Statistical Methods for Association Mapping
This course will introduce association mapping and the statistical methods and computational techniques needed. The course will be based on chapters 7, and 8 of the book Association Mapping in Plants, together with case studies of recent large scale case-control studies of human disease.
Association mapping is a gene mapping method based on detecting and utilising population-level associations — i.e. non-independence or `linkage disequilibrium' between genetic loci, e.g. between DNA markers and traits of interest. There is interest in using association mapping to find genetic loci associated with variation in complex traits and diseases.
The advent of dense maps (e.g. 500,000 or more) of SNP markers covering the genome, and technologies for screening large numbers of markers per individual is leading to generation of vast amounts of genomic data. However, obtaining useful information from the data is non-trivial, and many published associations are spurious. Statistical methods for analysing the data will be presented. Experimental designs with sufficient power, to overcome the low prior odds for genomic associations, are equally vital. The course will introduce methods and software for ensuring designs have sufficient power to obtain reasonable posterior odds for associations.

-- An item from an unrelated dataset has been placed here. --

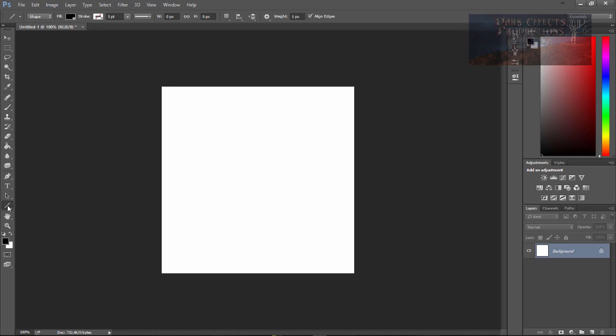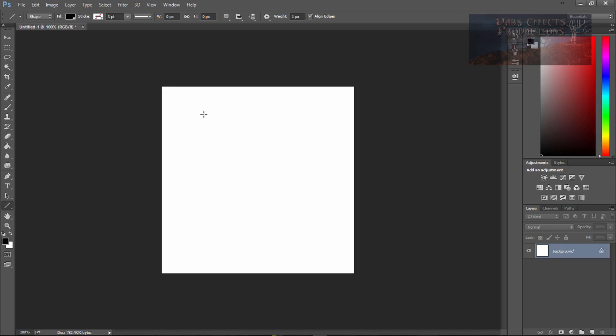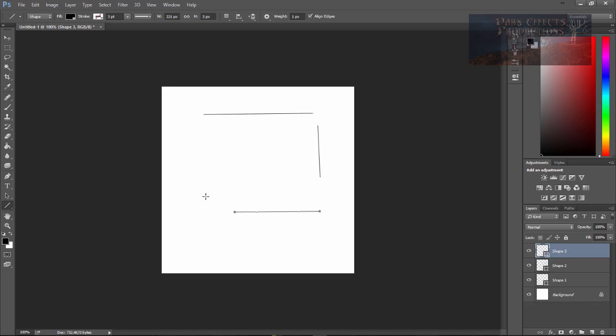Basically like this right here, whenever we select our line tool, come over here, create a new line and each line that we create creates a new layer on its own.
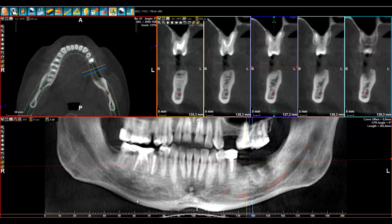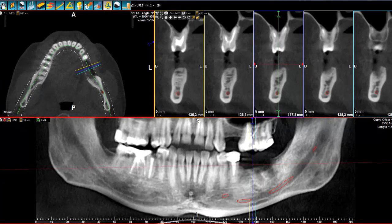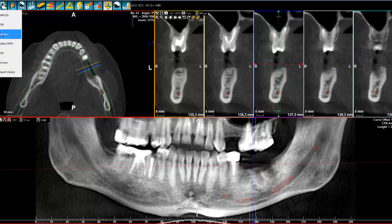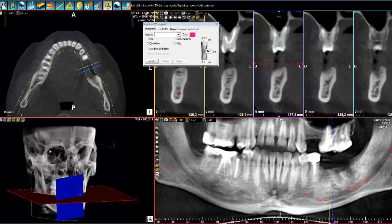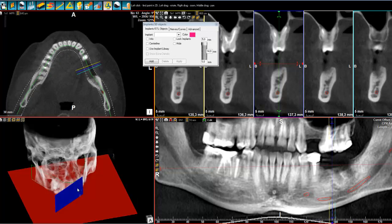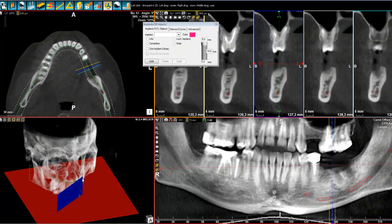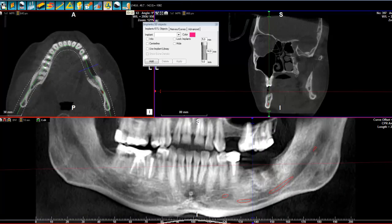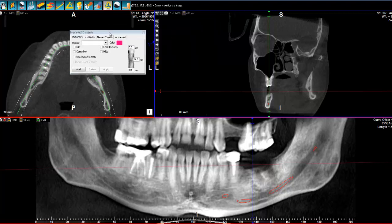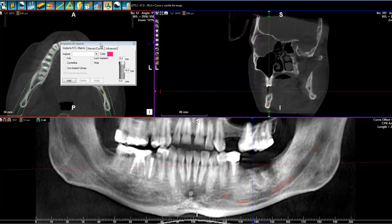Now let's see how we can place an implant — it's very, very simple. Now that we have checked our panoramic, I can simply have this option on, or click on this icon here. My view will change. I personally don't like to have the 3D view because it tends to demand a lot of capacity from my PC, so I will remove it. We are going to place an implant like that.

The basic concepts of Bayesian statistics, and how to use them for testing scientific hypotheses will be introduced. This will enable computation of posterior probabilities for scientific hypotheses. A range of techniques including analytical approximate methods, conjugate prior distributions and MCMC sampling will be introduced. Bayesian computations for case studies will be demonstrated and compared with classical `frequentist' inference based on p-values, which will be shown to be particularly problematic in a genomics context.
The R system for data analysis and graphics and the BUGS system will be introduced, and the required computations demonstrated. R functions and libraries (ldDesign) will be provided.
The course will start from first principles of Bayesian statistics. Knowledge of the basics of calculus (differentiation, integration), matrix algebra, and probability theory will be an advantage. Basic knowledge of genetics (e.g. Mendelian inheritance, heritability) will also be an advantage. The course will aim to cater for both biologically and statistically oriented students.